● Task
Could you retype the lines below, starting at the line holding "7ZWS87 New Hampshire License Plate" and stopping at the line holding "Free Vector Halloween", inclusive? Copy them exactly and drop the images.

● Record excerpts
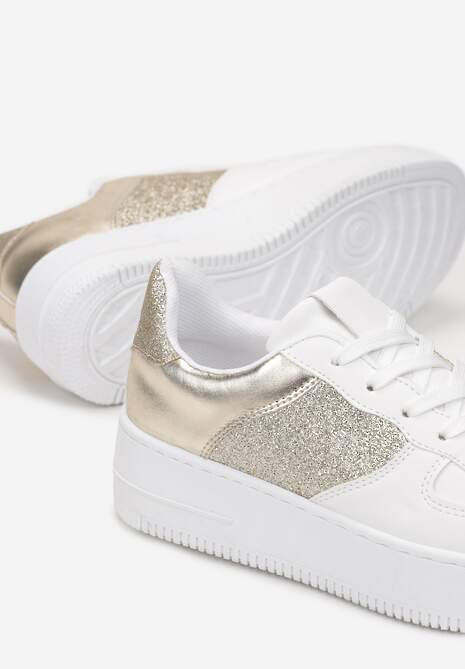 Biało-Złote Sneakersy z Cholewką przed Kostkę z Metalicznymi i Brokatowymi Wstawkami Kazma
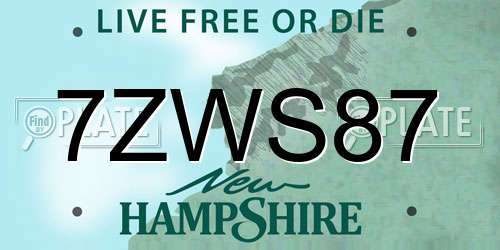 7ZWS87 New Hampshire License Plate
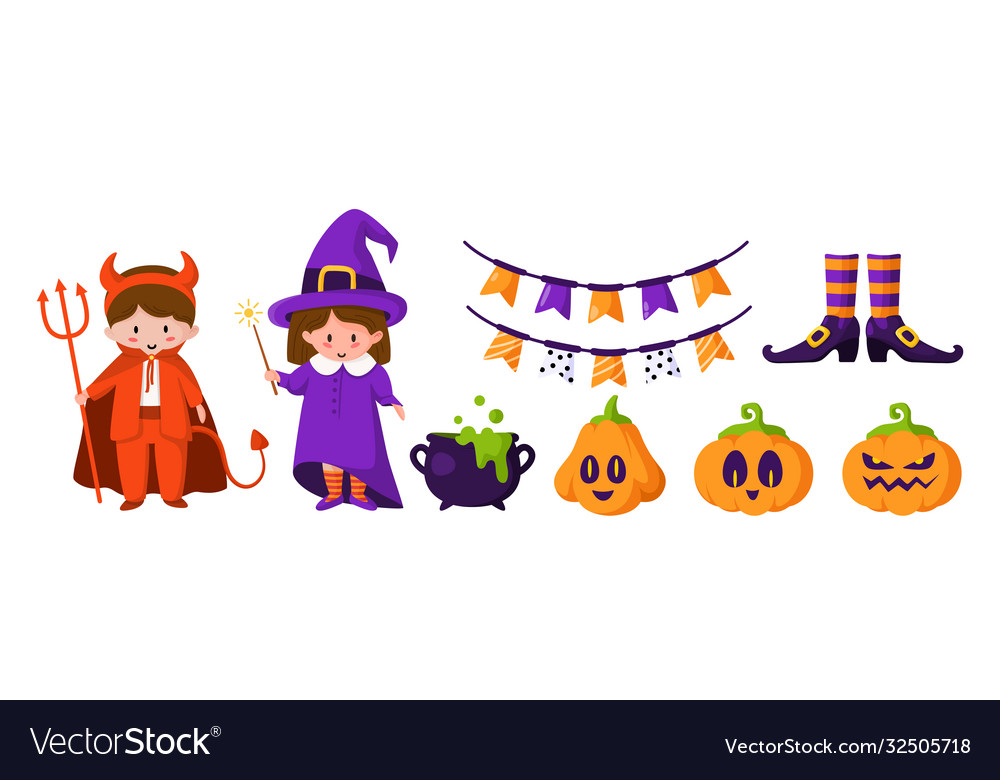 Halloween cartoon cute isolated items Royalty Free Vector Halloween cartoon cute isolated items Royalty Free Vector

--

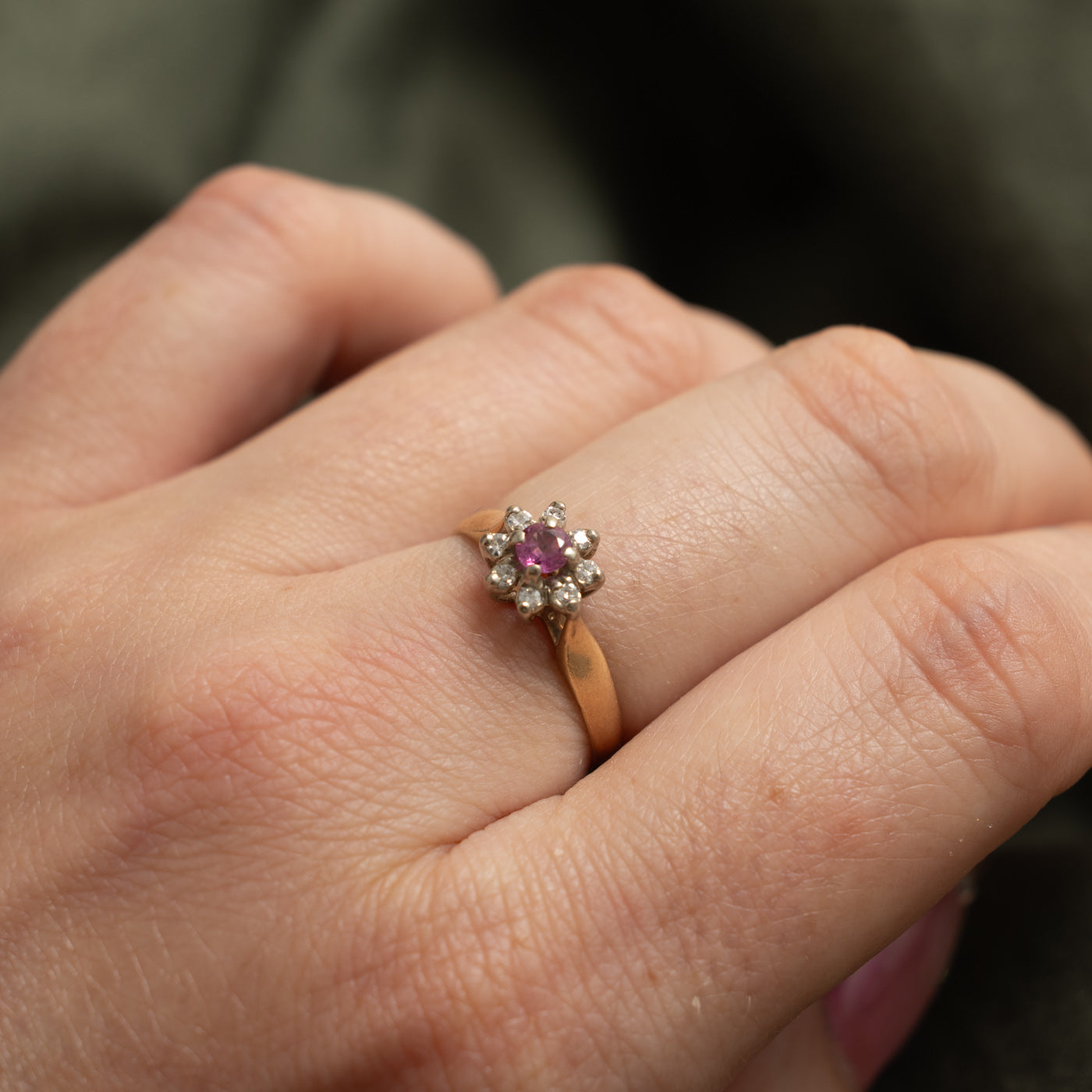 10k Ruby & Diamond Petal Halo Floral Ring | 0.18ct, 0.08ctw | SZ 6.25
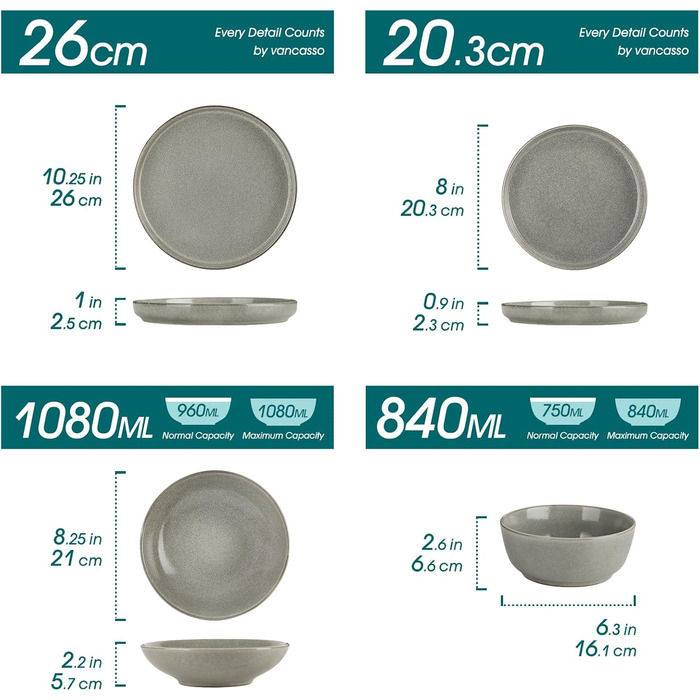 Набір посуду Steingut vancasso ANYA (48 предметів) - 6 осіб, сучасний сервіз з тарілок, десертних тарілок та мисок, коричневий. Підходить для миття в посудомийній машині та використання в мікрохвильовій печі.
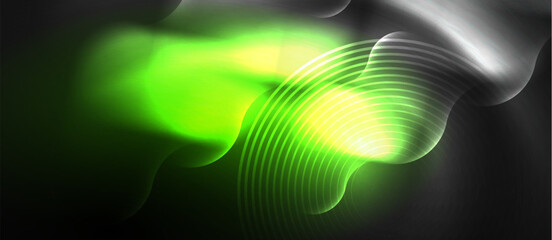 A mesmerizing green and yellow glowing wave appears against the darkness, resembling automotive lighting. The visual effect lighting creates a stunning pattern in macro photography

● Output for this exercise
 7ZWS87 New Hampshire License Plate
 Halloween cartoon cute isolated items Royalty Free Vector Halloween cartoon cute isolated items Royalty Free Vector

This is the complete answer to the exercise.